The fact that this has happened at a time when the club are under an owner who has lavished and all-too-often squandered large amounts of his fortune on poor recruitment makes the whole sorry situation all the more inexcusable. Surely no team has ever splashed out so much to become so bad and as Moshiri himself also admitted last summer: “We have not always spent significant amounts of money wisely.”
After the boom – in outlay if not results – now comes the bust and with Financial Fair Play restrictions continuing to bite, a profit and sustainability charge hanging over them and this summer’s transfer budget understood to be tight, Everton more than ever are having to box clever both on and off the field. Given that they finished 17th in the Premier League after a 36-point season there is literally no more margin for error when it comes to falling off a cliff and into the financial abyss of the Championship at a time they are constructing a new 52,888 capacity stadium that Moshiri said in January was costing £760million.
As the wait for an announcement goes on, comments from Neville Southall, the man who played more games for Everton (751) and won more silverware with the club than any other, continue to fill the void regarding the chairman who has overseen the longest trophyless period in their history when he said that “time’s up” for Kenwright of whom Everton’s Fan Advisory Board declared they had no confidence in back on April 28. While the long goodbye from his potential exit from the role might represent the clean break that so many of the fanbase desire – The Everton Fans’ Forum criticised his open letter on the eve of the team’s trip to Crystal Palace last season as being an “insult to Evertonians” – perhaps the most crucial element among all this is the paralysing delay in bringing in the new blood to within Goodison Park’s corridors of power.

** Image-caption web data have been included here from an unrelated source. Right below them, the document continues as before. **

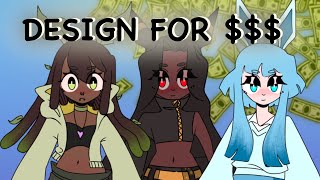 Make BANK w YOUR Character Designs adoptables speedpaint [upl. by Etheline]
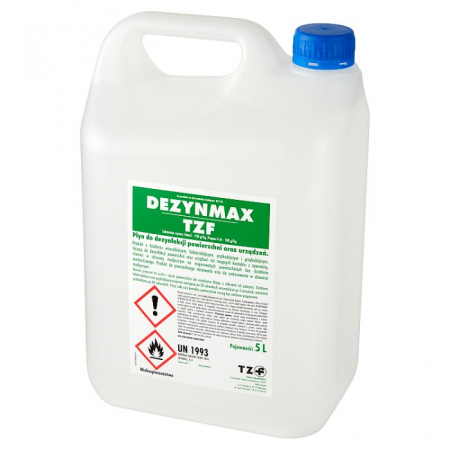 Dezynmax TZF płyn do dezynfekcji powierzchni oraz urządzeń 5 litrów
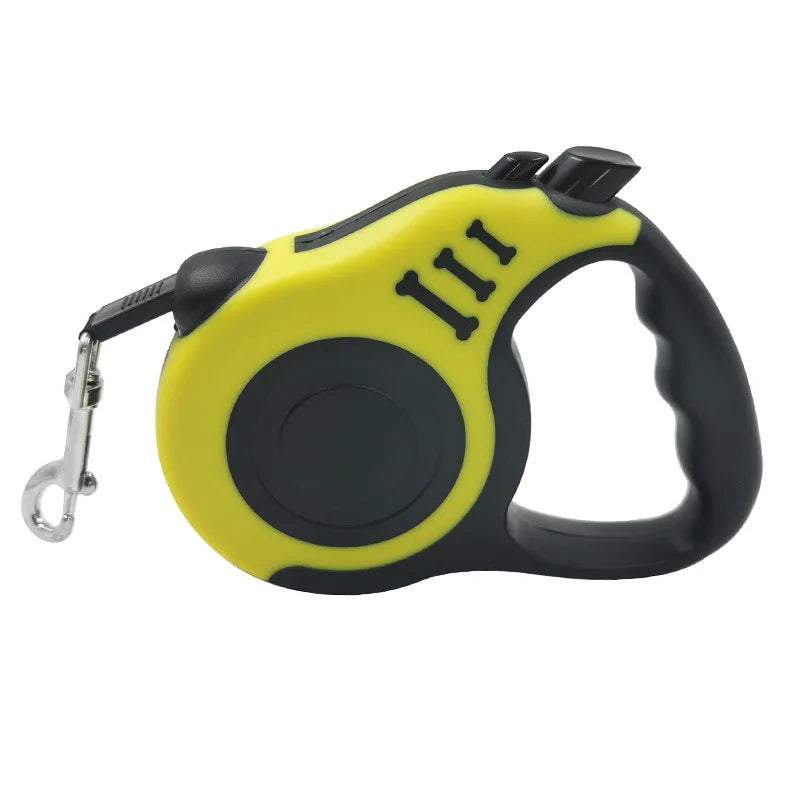 Coleira Retrátil para Cachorro de 3 e 5 metros, para Animais de Estimação, Corda de Tração, Cinto Automático, Coleira Flexível para Cães Pequenos, Médios e Grandes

Everton’s new leaders need to get to work and fast because even if you stand still in the Premier League you go backwards. Dyche has only been at the club for less than five months but he is already acutely aware of how much things need to improve.
The Blues boss is well-grounded in trying to grind out results on a relative shoestring from almost a decade in charge at Burnley but there needs to be a clear strategy over how the club is operating in such circumstances and at present Everton resemble a rudderless ship that is in serious danger of drifting off course from where they need to be.
As he said in his post-match press conference after the 1-0 win over Bournemouth preserved the Blues’ top flight status by a hair’s breadth: “It’s a big club, make no mistake. Big history, big club but we are not performing like a big club. We have to find a way of changing that.”